27 Mei 2010

Rumah Makan M23 Drupadi Denpasar


Sejak aku bisa mandiri, berangkat dan pulang kantor sendiri dengan motor, bli sudah tidak berkewajiban lagi antar jemput. Ini lebih memudahkan kami berdua karena arah kantor kami saling berlawanan jadi kasihan bli, sering kecapekan di jalan. Selain itu aku juga lebih rileks berangkat kantornya, gak harus pagi-pagi agar bli tidak terlambat kantor. Pulangnya pun gak mesti nungguin yang seringnya malah bikin BT dan memicu perselisihan. Jadi acara antar jemputnya hanya saat pas aku lagi manja dan gak pingin naik motor sendiri, hehhehe...sok-sokan banget. Kalau gak gitu ya pas bli ada waktu libur atau pas dia lagi romantis dan pingin nganterin gitu. Nah saat mengantar jemput inilah biasanya pulangnya kami melanjutkan dengan acara cari makan malam di luar.

Jangan dibayangkan makan malam romantis ya karena secara style dan dompet kami bukan tipe pasangan seperti itu. Makan malam yang kami maksud ya makan bakso, mie, siomay, batagor, sate atau gulai, kalau gak gitu ya nasi campur atau nasi padang. Tergantung ide yang muncul saja. Selain itu referensinya juga tidak jauh-jauh. Hanya seputaran antara jarak kantorku di daerah Renon sampai tempat tinggal kami di Jl. Sutomo. Inilah yang membuat kami sering kesulitan mencari tempat makan yang sesuai mengacu pada selera, lokasi, dan tentu saja budget.

Salah satu tempat makan yang ada direferensi kami yaitu Rumah makan M23 di Jl. Drupadi. Menu yang disediakan disana adalah makanan khas lombok dan chinese food. Kombinasi yang tidak nyambung sebenarnya. Tapi bagi pengunjung lainnya mungkin ini bagus karena menawarkan banyak variasi makanan.

Kalau dari luar, rumah makan ini tidak begitu besar hanya saja tidak sulit kok dicari karena parkirannya selalu ramai apalagi disaat jam-jam makan. Begitu masuk ke dalam baru terasa kalau sebenarnya rumah makan ini cukup luas. Tempatnya nyaman di dibagi-bagi penempatan kursi dan meja makanannya. Ada yang gaya formal dengan meja makan dan kursi lengkap. Tersedia untuk kelompok kecil, pasangan, hingga meja makan besar yang bisa dipakai untuk acara makan rombangan. Dibagian lain ada tempat makan lesehan dengan gazebo-gazebo yang romantis. Kalau gak mau di gazebo, ada tempat lesehan juga namun dilantai dengan tempat duduk berupa bantal-bantal dilengkapi meja pendek. Pengunjungnya cukup ramai jadi kadang makanan yang kita pesan datangnya agak lama.

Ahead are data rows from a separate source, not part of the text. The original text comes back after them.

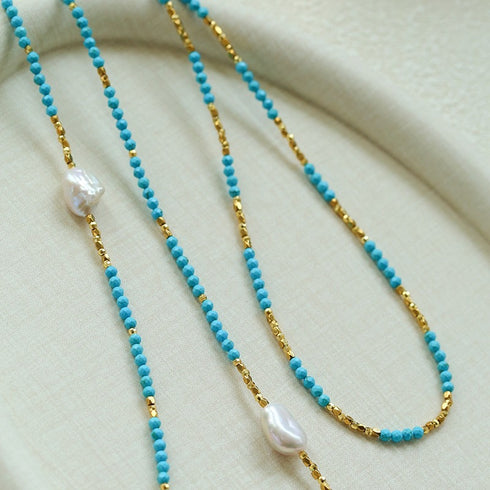 Turquoise and Baroque Pearl Layered Long Necklace - Coastal Elegance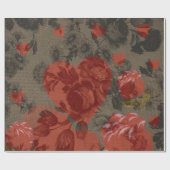 Rotes Herz auf schöne Vintage Blumen Geschenkpapier (Flach)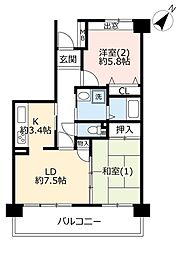 URいちょう並木国立 1階2LDKの間取り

Karena kami buta tentang makanan khas Lombok, jadi saat itu kami pesan menu makan paket, ayam bakar pedas lengkap dengan nasi dan es teh. Harganya pun cukup murah hanya Rp. 14.000,- per paket. Variasi menunya banyak namun karena ini pertama kali kesini jadi gak mau coba-coba, selain belum tahu rasanya juga nama menunya terasa asing. Kecuali chinesse foodnya tentu. Karena sudah lapar dan takut pesanan lama datangnya kami pesan camilan ringan lumpia goreng. Secara umum makanannya enak, kecuali lumpianya. Meskipun kami beli menu paket potongan ayamnya gede banget, butuh perjuangan untuk menghabiskan porsinya. Kalau sambelnya??? hahha..ternyata sambel khas lombok tidak pas di lidahku.

Buat yang ingin makan bersama teman atau keluarga, tempat ini bisa jadi pilihan. Oya yang menarik, pelayan disini semua mengenakan baju khas Lombok gitu, dan aku sempat mendengar waktu mereka ngobrol memakai bahasa Lombok juga.

Tipsnya : pesan juga menu camilan ya, lumayan untuk mengganjal perut yang lapar sebelum pesanan datang, terutama jika Anda datang saat jam-jam makan siang atau makan malam.